Demko is 15-11-1 in 27 starts this season, and his .920 save percentage is 10th among goalies who have played at least 15 games. That may not jump out as worthy of a potential Vezina finalist, but much like his .915 save percentage last season, some of Demko's statistics have been suppressed by the amount of high-quality scoring chances Vancouver allowed under Green.
If those chances continue to be reduced with the Canucks spending more time at the other end of the rink under Boudreau, and Demko's statistical floor remains raised, then the impact teammates have already noted should be easier for others to see.
Adapting to what Demko called a "different vibe" under Boudreau is also part of the learning curve. Goalies won't complain about an easier workload, but adjusting to it isn't always simple.
"We've all seen him steal games, but what about the game where he's less busy and less acrobatic?" Canucks goaltending coach Ian Clark said. "Can he manage a game where he's just making routine stops and not make mistakes? That can be a tough challenge. Some goalies excel in higher-shot games and some excel in lower-shot games, but to be elite and put together a 60-plus-game resume worthy of being one of the top goalies in the NHL, you have to be able to win all kinds of different games, and that's an area [where] he's shown continued improvement."
Clark, who was the Columbus Blue Jackets goaltending coach when current Florida Panthers goalie Sergei Bobrovksy won the Vezina twice with Columbus (2013, 2017), continues to work with Demko to improve on technique for a position that keeps evolving. But Clark said Demko has already put a lot of his foundational work "in the rearview mirror."
Beyond keeping those structural technical elements sharp, a lot of the work ahead will be between the ears. That shouldn't be a problem for Demko, who was a psychology major at Boston College.

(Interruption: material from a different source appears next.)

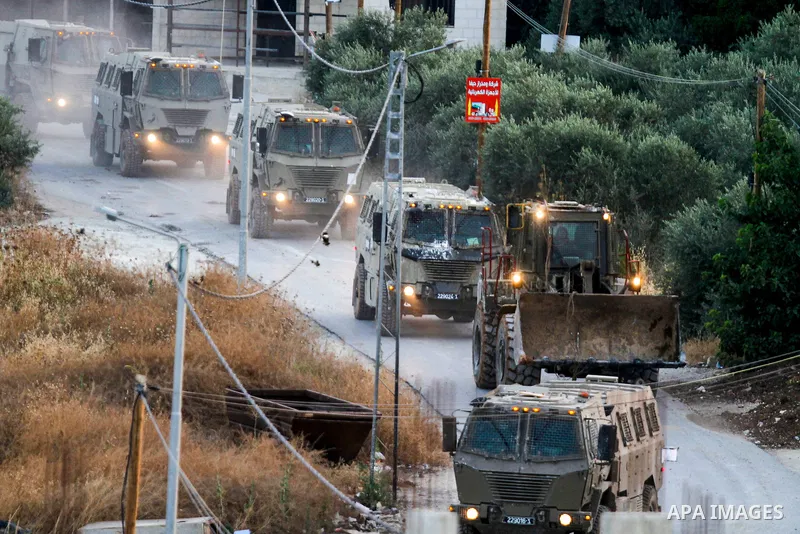 Israeli military vehicles advance on a street during an ongoing Israeli military operation in Jenin city in the West Bank, on July 4, 2023. Israel pushed on for a second day on July 4 with its biggest military operation...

"We have a ceiling on our physical capacities," Demko said. "Everyone is talented in this league, so it's got to be something else that separates guys and I think the mental side is the thing that does that. There's no ceiling on mental capacity, so you can always keep building in that regard, and the great goalies in the League, that's what they're always preaching too. It's all up top."
Time will tell if it's enough to put Demko at the top at the end of the season, and beyond.
"We know he's capable of it," Clark said. "We've all seen those elite performances. But to be in the air of the greats, there's a longevity required performing at that level. I believe he has that in him.
"I watch how he conducts himself daily, his work habits, personal discipline, competitiveness, all the intangible prerequisites for that level, he possesses. Now it's a matter of time."